Unless I get what we are calling "PowerNightmares", where shallow idle states basically get forgotten about for a very long time (up to 4 seconds), and can consume significant extra energy.

That is why I asked for the idle state 0 disable test in comment 17.

I'll attach a graph of a idle PowerNightmare test from my system in a moment.
Comment 19 Doug Smythies 2017-12-06 22:10:42 UTC
Created attachment 261047 [details]
Idle PowerNightmare test

The graph is from an idle PowerNightmare test on my system.
Notice the lower average package power consumption with idle state 0 disabled, and a further lowering with more idle states disabled.
Comment 20 Erikas Rudinskas 2017-12-11 11:59:08 UTC
Something has definitelly changed from version 4.12 to 4.13 (increased CPU usage, Windows 10 crashes in KVM).
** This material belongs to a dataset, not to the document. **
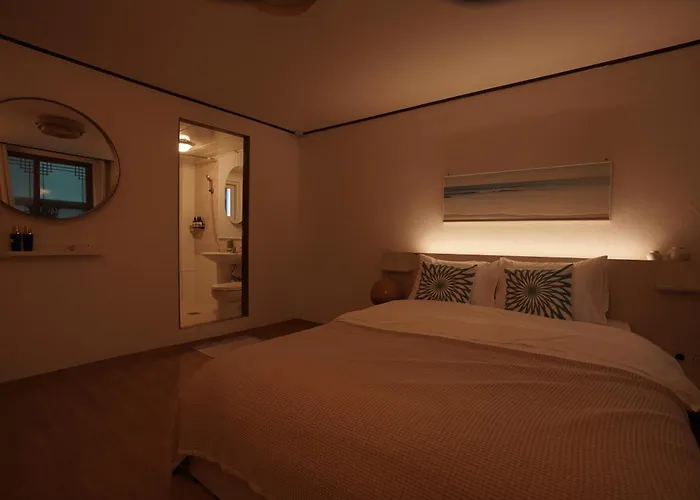 Wangsimni Station 3 Min Walk Line 2 Near Seongsu Hanyang Univ 3br Sleeps 8 * Seoel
I am currently testing latest available (stable) kernel 4.14.4 and from yesterday I am yet not 100% sure if everything is completelly fine with this kernel version.

In following few days I'll do some test and share the findings.
Comment 21 Erikas Rudinskas 2017-12-12 00:45:53 UTC
For 2 minutes I've been measuring CPU statistics using these commands (equally for 2 minutes - thanks to simple, but effective bash script):

CPUSPEED=`cat /sys/devices/system/cpu/cpu0/cpufreq/scaling_cur_freq`
CPUTEMP=`cat /sys/devices/platform/coretemp.0/hwmon/hwmon*/temp1_input`

===============================

4.12.8
Average CPU speed: 920994.7375
Average CPU temp: 33681.06312

4.13.6
Average CPU speed: 912368.7276
Average CPU temp: 34299.00332

4.14.4
Average CPU speed: 917715.0432
Average CPU temp: 33691.0299

===============================

Top 20 lowest CPU speeds on kernel: 4.12.8
836169
894836
896649
896649
897967
899450
899450
899780
899780
899780
899780
899780
899780
899780
899780
899780
899780
899945
899945
899945

Top 20 lowest CPU speeds on kernel: 4.13.6
898502
898802
899267
899790
900000
900000
900000
900043
900049
900053
900053
900055
900059
900060
900071
900072
900074
900076
900089
900093

Top 20 lowest CPU speeds on kernel: 4.14.4
899080
899466
899673
899700
899703
899711
899713
899738
899756
899771
899773
899782
899807
899821
899823
899824
899831
899832
899835
899840

===============================

Temperature:count (kernel: 4.12.8)
37:1
36:1
35:15
34:168
33:116

Temperature:count (kernel: 4.13.6)
37:4
36:27
35:73
34:148
33:49

Temperature:count (kernel: 4.14.4)
37:0
36:0
35:20
34:168
33:113

===============================

In conclusion - seems that issue is gone on 4.14.4 kernel, but results still show that something got slightly broken on kernel version 4.13. Haven't tested if Windows 10 VM (KVM/QEMU) doesn't crash running 4.14.4 kernel version.
Comment 22 Erikas Rudinskas 2017-12-12 01:40:50 UTC
Just did lots of reboots of VM, Essay writting in MS Word, 30+ tabs in Firefox browser etc. Not a single crash! Few hours - still stable. Computer can completelly be suspended and resumed multiple times while VM is running, yet still no issues at all.

I believe this bug can be closed as it is no longer reproducible in 4.14.4 (and possibly further versions).